The social mores on display show an American society without helicopter parenting, nanny government, NIMBYism, or class-action lawsuits. It shows a well-functioning (if still wildly unequal) society that values individual liberty and personal decision making.
Every time we pass a Megan's Law or ban smoking outdoors or require children be strapped into seats until they are high schoolers we surrender a small bit of our freedom for collective safety. Sometimes the act of yielding is benign: other times, these little impositions cut little pieces out of our constitutional rights. Think about this the next time you take your shoes off at the airport or a strobe on a robotic traffic camera goes off as you cruise through an intersection.
Daniel related a recent incident on his other blog about being pulled over on suspicion of DUI. (His headlights were off.

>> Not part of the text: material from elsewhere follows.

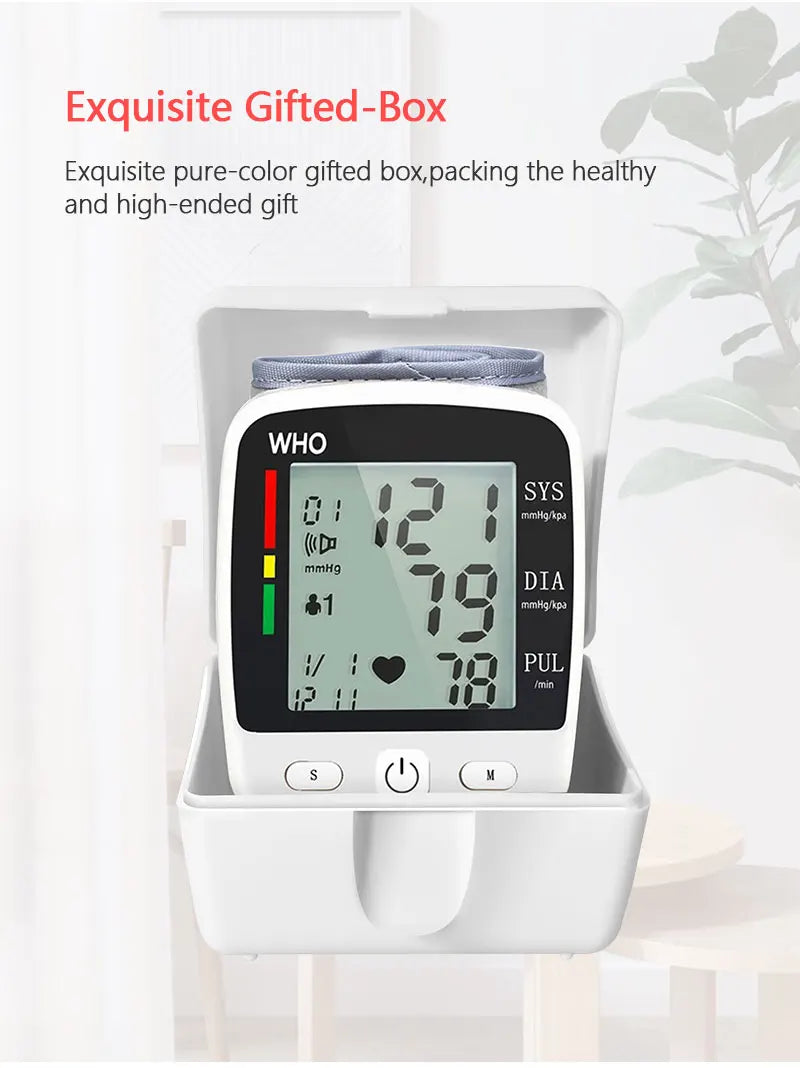 Rechargeable Wrist Blood Pressure Monitor – Digital LCD Sphygmomanometer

There was a cute German girl in the car with him, so I can see why.) He beat it, of course, but If he decided to have a second Rob Roy he would have wished he lived in 1962. Back then, a DUI first offense was a simple moving violation. Now, that first-time DUI can lose you your car and your license, make insurance unavailable, wreck your credit rating (!), cost thousands, and generally ruin your life. I'm not saying we should repeal DUI laws, but I am saying it's the overly enthusiastic enforcement of those "motherhood" issues-- DUIs, child safety, anything that makes people go all Maude Flanders and wail, "What about the children?" -- that creates a creeping effect on every other personal right we hold dear.
Like I said, movies and TV shows are contemporary reflections, regardless of period setting. "Mad Men" makes a point of showing, by raw comparison, how unfree we have become in 2009, and maybe that will make us more aware of just how important it is to defend our dwindling right to be left to our own ends.